----- DATASET SECTION
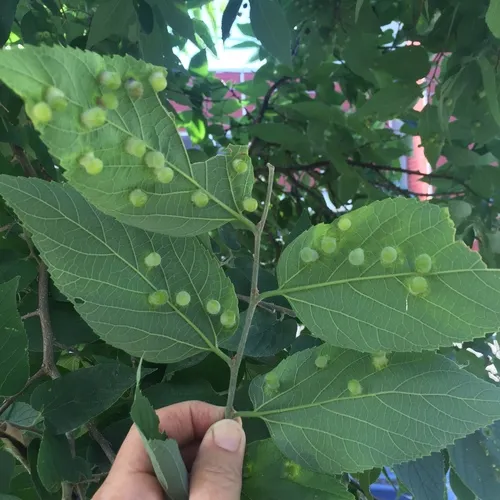 Hackberry Nipplegall Psyllid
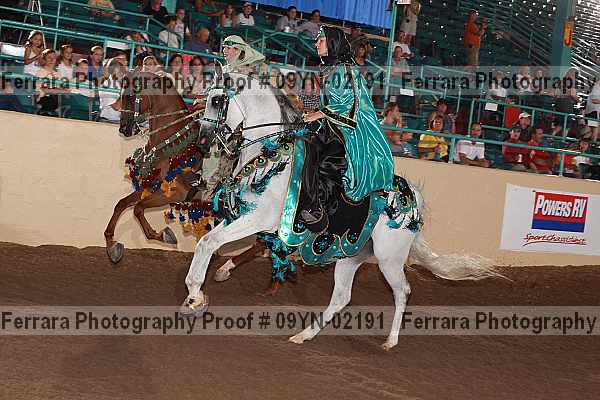 Proof 09yn-02191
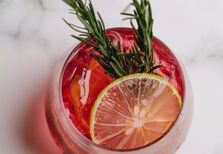 Celebrar com gin no Jardim Botânico da Ajuda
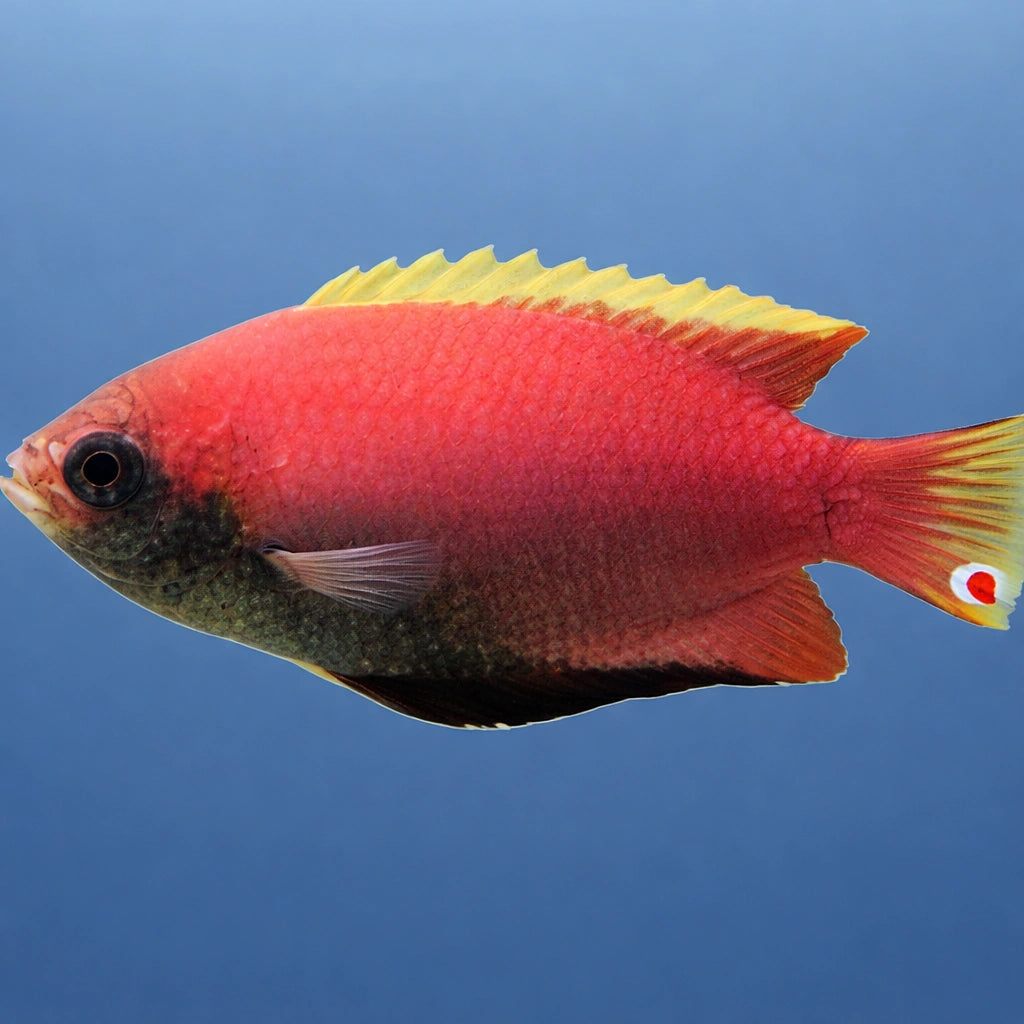 Colisa sota red 4 - — tropical fish for sale UK — AI side clean view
----------
> [TASK OBJECTIVE]: Omit every picture while printing the data word for word.

> [OUTPUT]:
 Hackberry Nipplegall Psyllid
 Proof 09yn-02191
 Celebrar com gin no Jardim Botânico da Ajuda
 Colisa sota red 4 - — tropical fish for sale UK — AI side clean view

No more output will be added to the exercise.